I have to write this DC-DC stuff before I forget, and in case someone else might be tempted to buy the Aviogard from MGL. Updated Mar 10 2018.

MGL Aviogard

First the Aviogard from MGL Avionics. It consists of a Murata PS UQQ-12/8-Q12 at it's core (at least the unit I purchased). This is a €140 or less industrial off the shelves device that MGL repackage and sell for €600+.



The rest of the Aviogard consists of the casing and terminals, two ferrites, two TVS diodes (transorbs), two capacitors and two SMD stuff that I'm not sure of what is (too small to see, resistors I think ?) It's actually a nice package though, and the Aviogard will offer protection from over voltage surge, and will filter noise, even without the UQQ DC-DC converter. It's a nice terminal block with protection and filtering all by itself, but without the UQQ, that package is worth maybe €20-30? in components. What's wrong with it?

  • The UQQ is not installed according to the specs of the UQQ. The voltage is set 10% too high, and the "sense" terminals are not connected to the outputs. The UQQ specifications specifically warns about these two things things. Ut uses terms as "MUST NOT" in fat capital letters, although the manual does not state what exactly will go wrong.
  • It cannot possibly charge a lead acid battery as per Aviogard documentation.
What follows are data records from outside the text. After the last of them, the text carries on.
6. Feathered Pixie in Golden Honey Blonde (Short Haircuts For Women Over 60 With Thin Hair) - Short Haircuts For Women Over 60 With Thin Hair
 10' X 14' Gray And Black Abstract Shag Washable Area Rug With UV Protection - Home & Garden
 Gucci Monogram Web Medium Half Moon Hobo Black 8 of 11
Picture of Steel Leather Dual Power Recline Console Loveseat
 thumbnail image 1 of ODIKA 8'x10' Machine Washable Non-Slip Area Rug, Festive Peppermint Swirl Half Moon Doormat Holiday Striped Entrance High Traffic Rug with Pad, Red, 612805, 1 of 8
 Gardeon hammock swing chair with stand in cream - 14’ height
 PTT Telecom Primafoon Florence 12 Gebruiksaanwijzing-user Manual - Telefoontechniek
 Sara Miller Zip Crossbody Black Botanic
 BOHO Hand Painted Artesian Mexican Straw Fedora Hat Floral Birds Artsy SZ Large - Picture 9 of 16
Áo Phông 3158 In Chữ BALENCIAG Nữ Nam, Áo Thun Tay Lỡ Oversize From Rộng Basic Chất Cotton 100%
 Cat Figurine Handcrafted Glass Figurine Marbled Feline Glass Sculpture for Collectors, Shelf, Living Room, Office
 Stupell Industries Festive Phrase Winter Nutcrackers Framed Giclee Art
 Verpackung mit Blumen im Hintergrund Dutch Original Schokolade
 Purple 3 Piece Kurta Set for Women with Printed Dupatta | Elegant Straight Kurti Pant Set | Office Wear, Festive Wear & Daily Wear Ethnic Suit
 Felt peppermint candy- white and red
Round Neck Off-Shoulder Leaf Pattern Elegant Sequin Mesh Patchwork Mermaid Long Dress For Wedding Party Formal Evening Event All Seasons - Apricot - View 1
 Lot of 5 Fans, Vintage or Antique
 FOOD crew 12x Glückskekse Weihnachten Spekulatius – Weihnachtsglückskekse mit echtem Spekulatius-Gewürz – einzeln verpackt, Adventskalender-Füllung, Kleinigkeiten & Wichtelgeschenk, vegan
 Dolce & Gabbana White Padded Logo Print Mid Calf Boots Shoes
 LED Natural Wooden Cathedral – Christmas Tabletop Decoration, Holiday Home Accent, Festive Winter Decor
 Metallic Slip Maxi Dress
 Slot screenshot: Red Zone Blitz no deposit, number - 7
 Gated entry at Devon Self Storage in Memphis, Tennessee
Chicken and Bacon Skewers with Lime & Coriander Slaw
I tried several times, and if the battery isn't already fully charged (meaning fresh from the charger in float charge), it will enter into "hiccup mode". Even with a fully charged battery it would enter into hiccup mode 2 out of 3 times or something. This "hiccup mode" is a self preservation mechanism of the UQQ, and as I understand, a standard safety mechanism for regulated converters. If the load isn't manually removed, it will stay in hiccup mode indefinitely. Upping the voltage to 10% above specs will only make it worse.
According to the manual, the UQQ tries to hold the voltage constant. Since U=RI, the only way to do that when R is the load, is to increase (or decrease) I. This is called "voltage mode" in the manual. When the current reaches a certain point (probably around 8 A? which is the nominal current, the manual doesn't specify exactly), it enters into "power mode". In power mode, the power is held constant by reducing V and increasing I. This continues until the current reaches 9.5 A and is defined by a drop in output voltage by 2%. If the current is increased even more, it enters into hiccup mode.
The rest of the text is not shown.